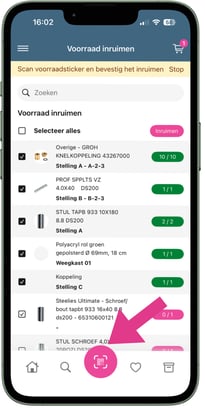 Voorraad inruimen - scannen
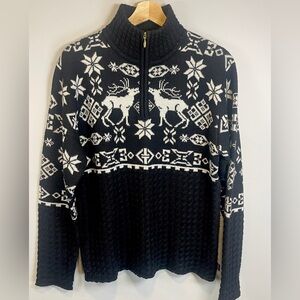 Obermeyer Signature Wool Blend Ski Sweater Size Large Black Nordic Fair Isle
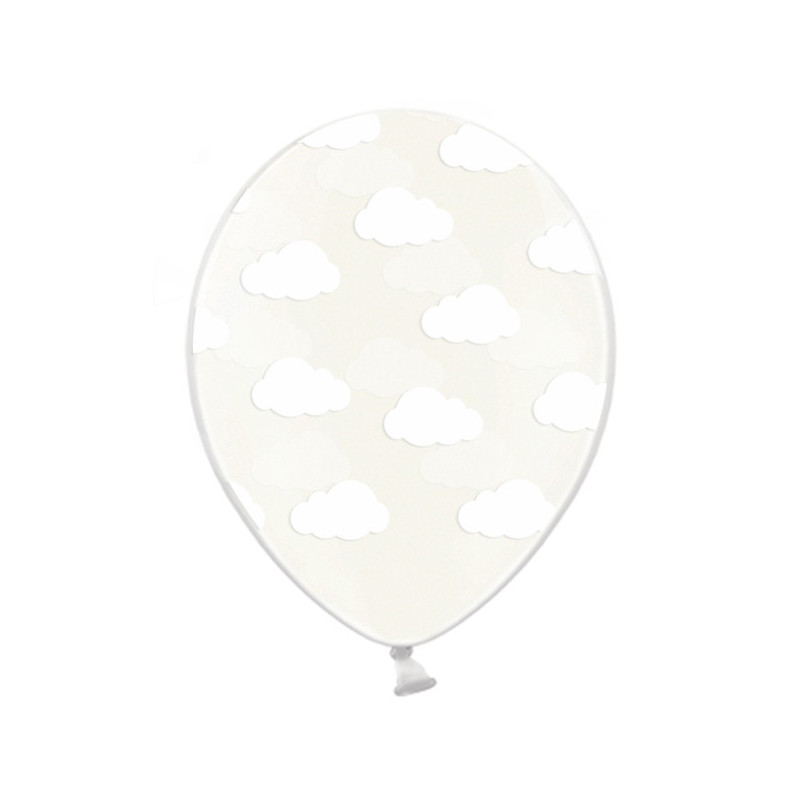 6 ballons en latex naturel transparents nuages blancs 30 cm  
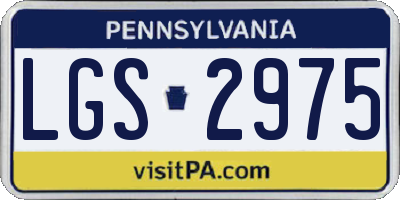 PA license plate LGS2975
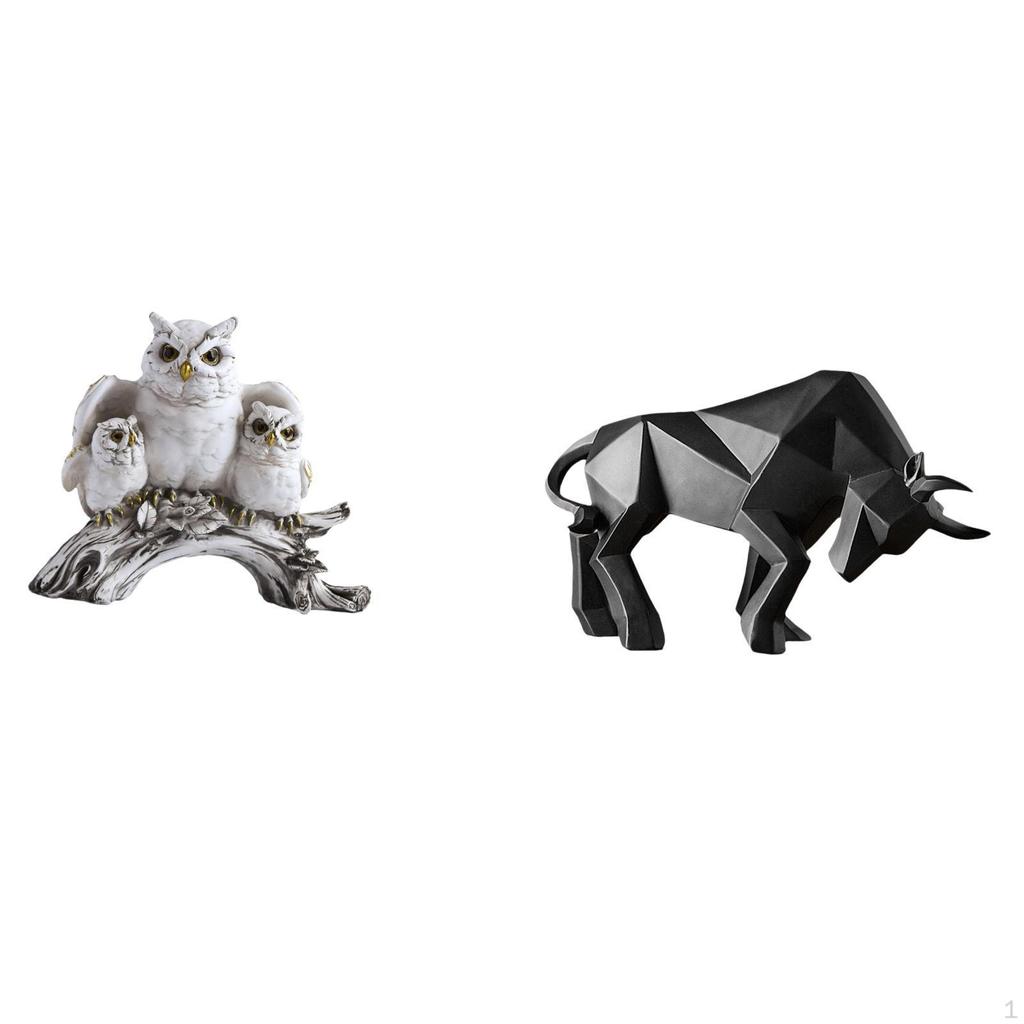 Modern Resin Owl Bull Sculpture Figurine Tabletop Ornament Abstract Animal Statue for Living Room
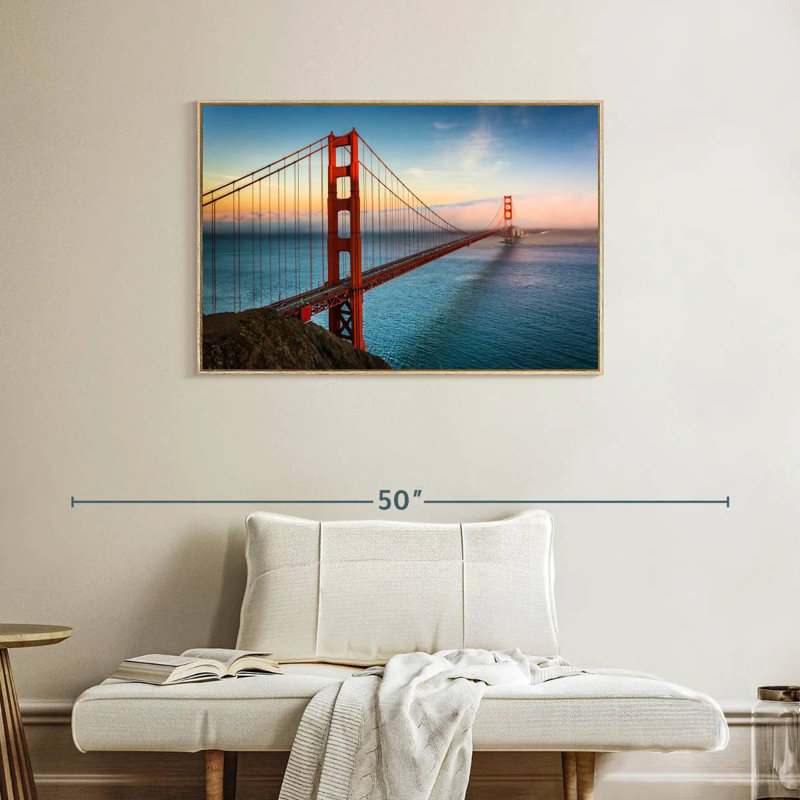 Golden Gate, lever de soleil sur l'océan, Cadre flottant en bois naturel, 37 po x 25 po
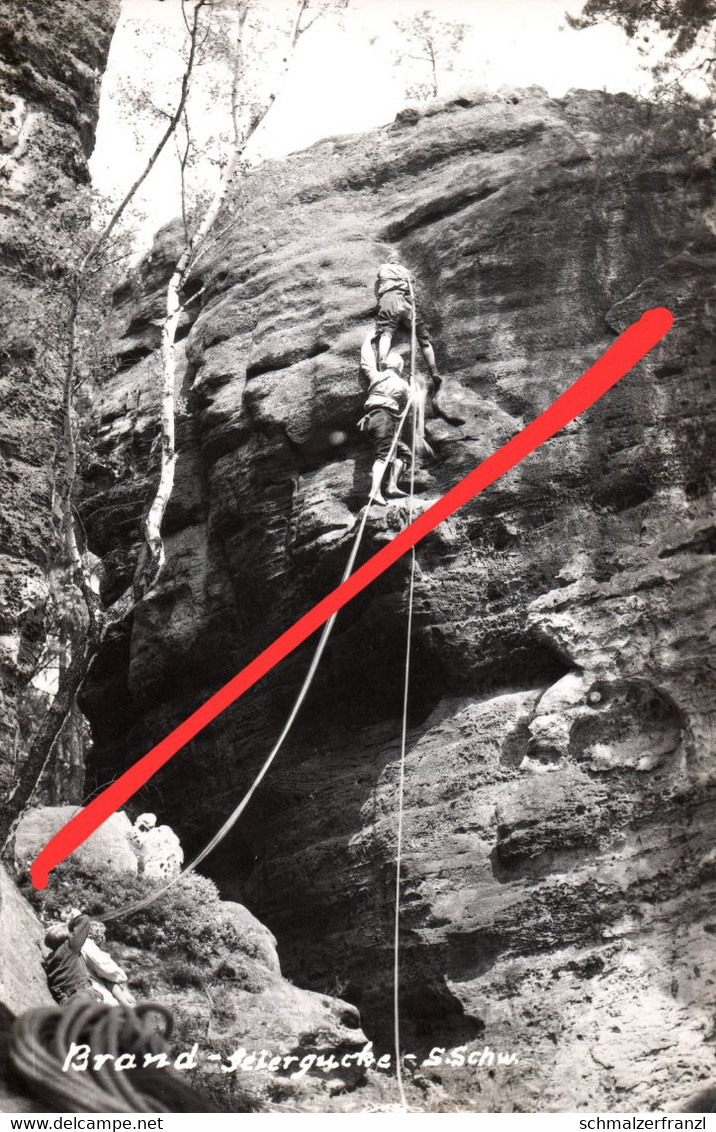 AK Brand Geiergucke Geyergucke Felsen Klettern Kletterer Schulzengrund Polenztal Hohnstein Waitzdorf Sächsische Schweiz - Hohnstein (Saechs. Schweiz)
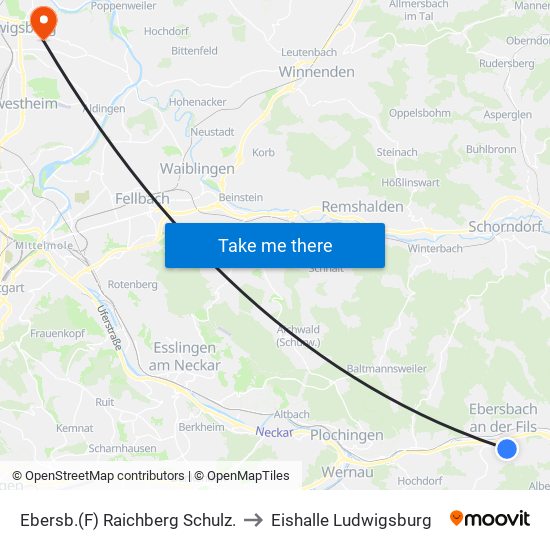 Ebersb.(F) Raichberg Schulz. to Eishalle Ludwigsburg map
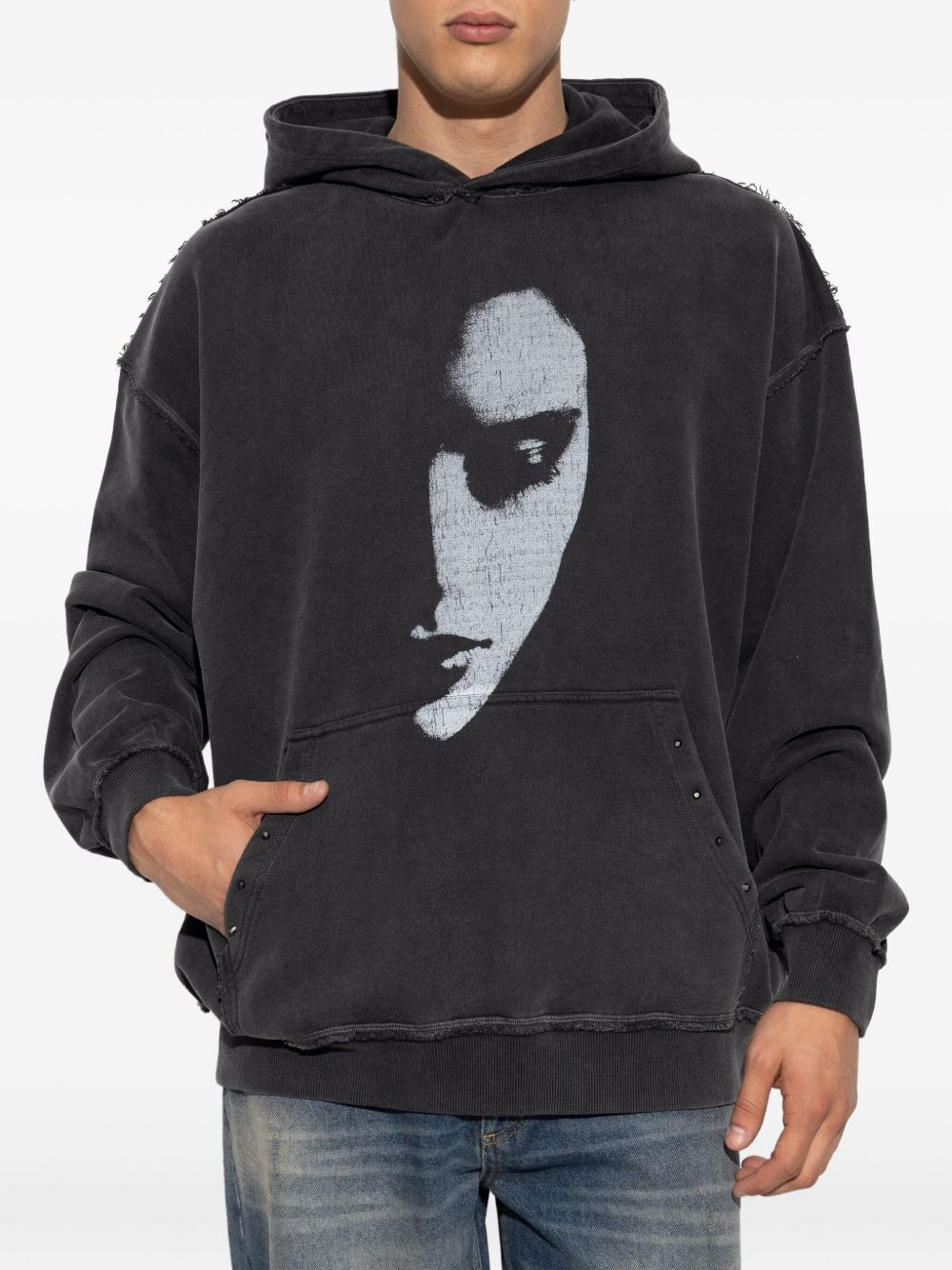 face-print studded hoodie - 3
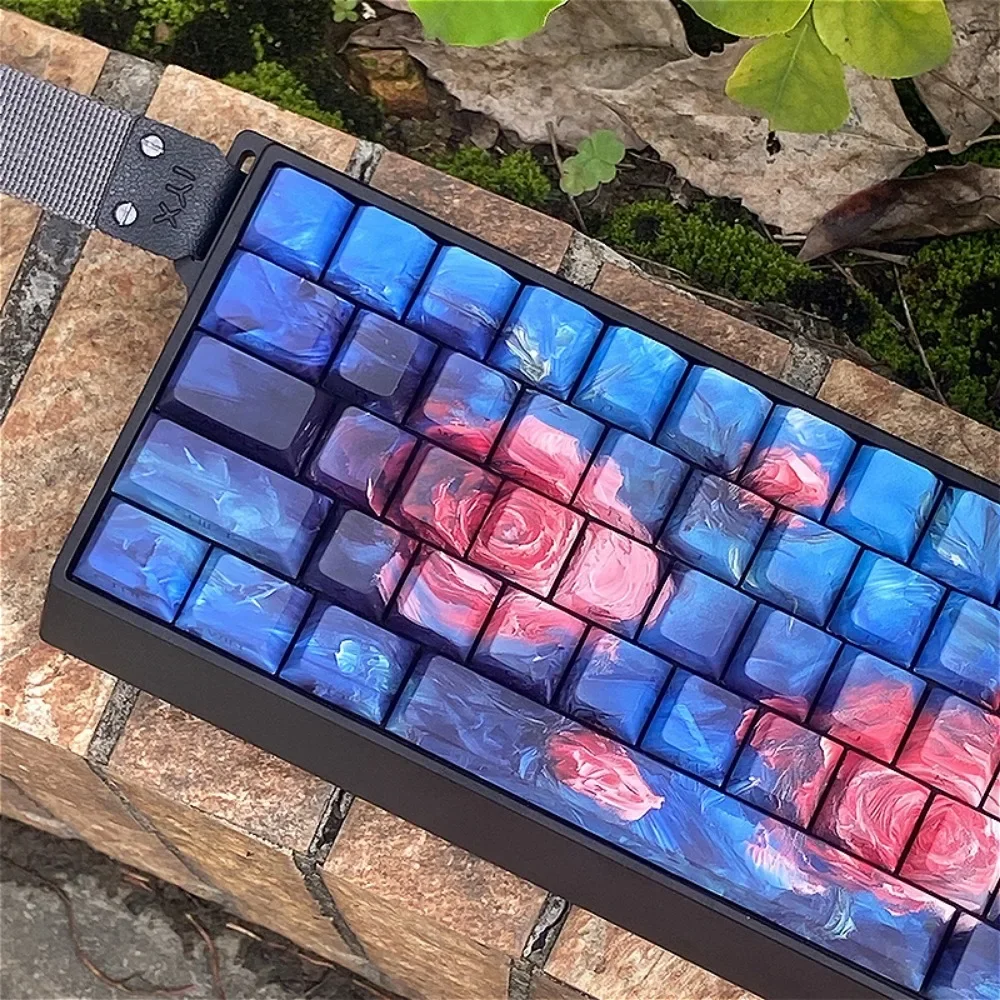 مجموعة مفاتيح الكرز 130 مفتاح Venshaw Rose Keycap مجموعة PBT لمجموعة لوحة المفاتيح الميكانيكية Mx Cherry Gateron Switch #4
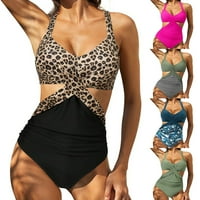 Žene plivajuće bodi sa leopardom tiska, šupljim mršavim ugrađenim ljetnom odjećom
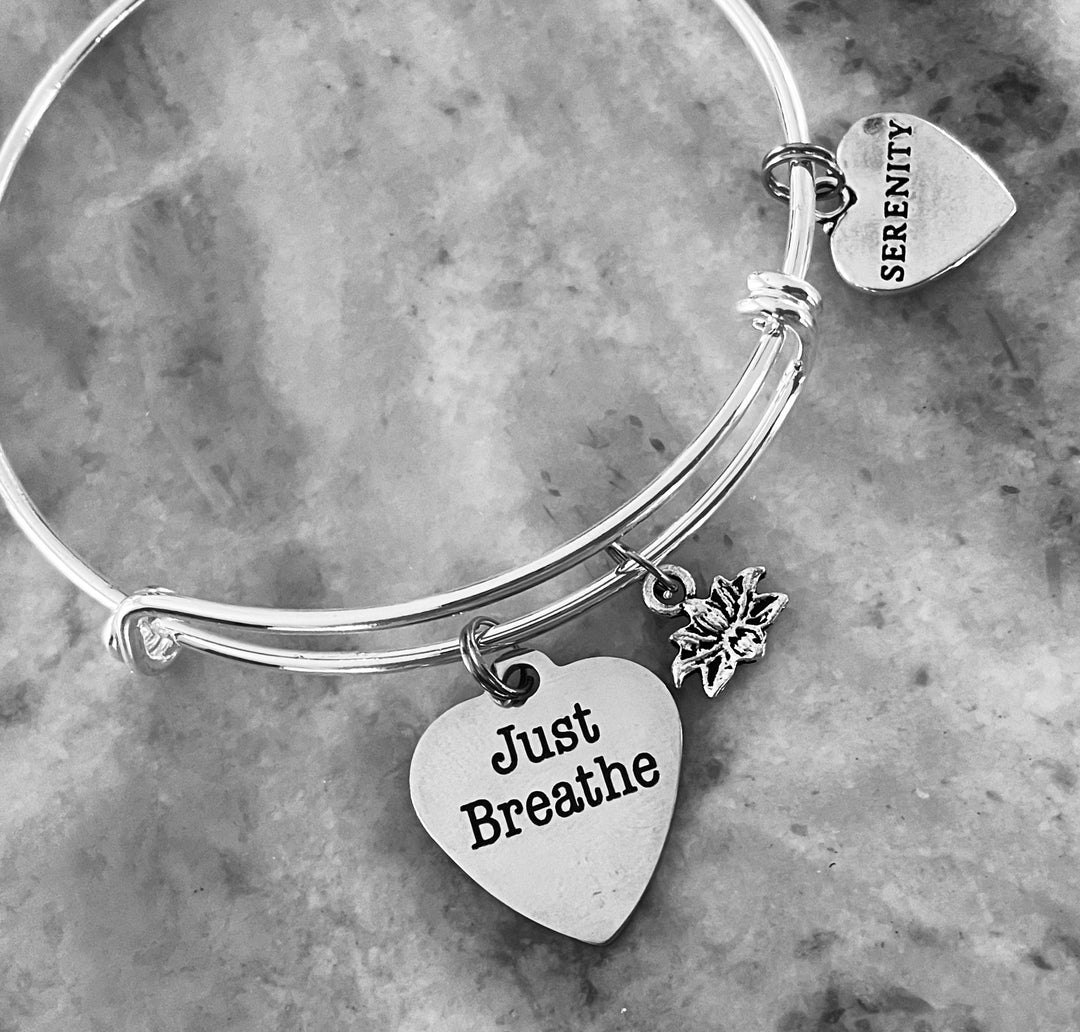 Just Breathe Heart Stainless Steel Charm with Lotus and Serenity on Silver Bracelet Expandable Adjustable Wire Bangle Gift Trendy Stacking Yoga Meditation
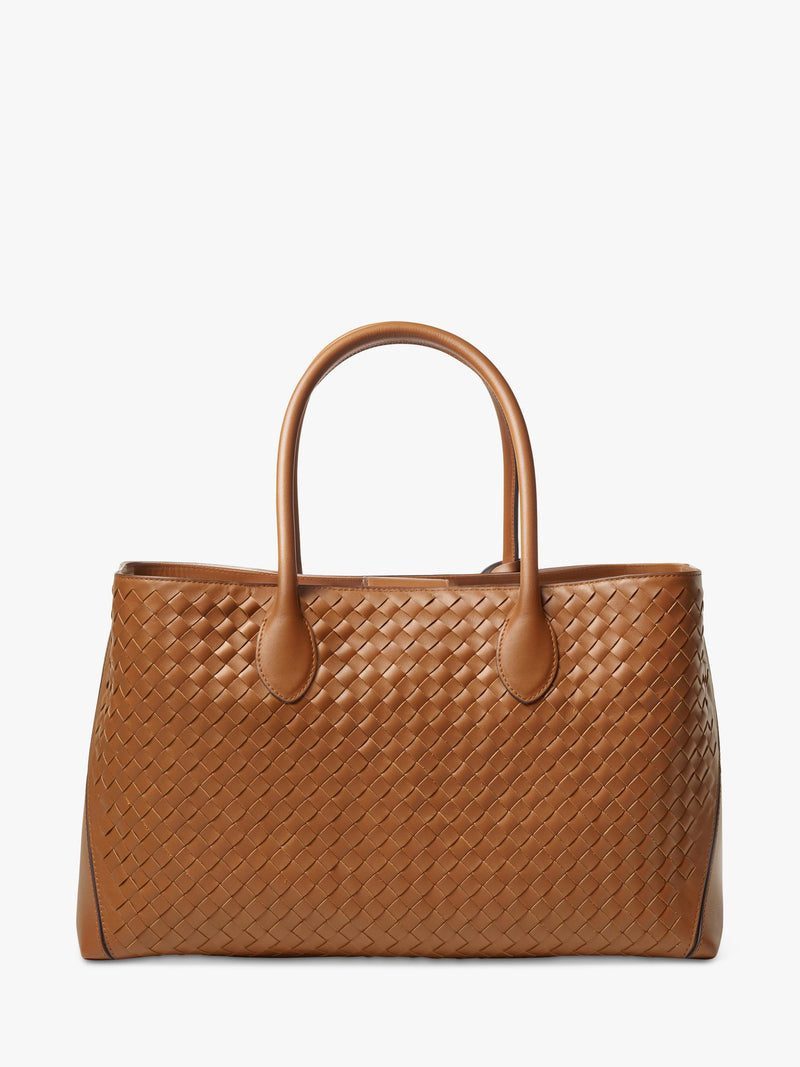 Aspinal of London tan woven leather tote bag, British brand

_What you should do_
Set down, in exact form, only the lines that start at the one containing "Žene plivajuće bodi" and finish at the last line of the material; pictures do not go in.

_Task result_
 Žene plivajuće bodi sa leopardom tiska, šupljim mršavim ugrađenim ljetnom odjećom
 Just Breathe Heart Stainless Steel Charm with Lotus and Serenity on Silver Bracelet Expandable Adjustable Wire Bangle Gift Trendy Stacking Yoga Meditation
 Aspinal of London tan woven leather tote bag, British brand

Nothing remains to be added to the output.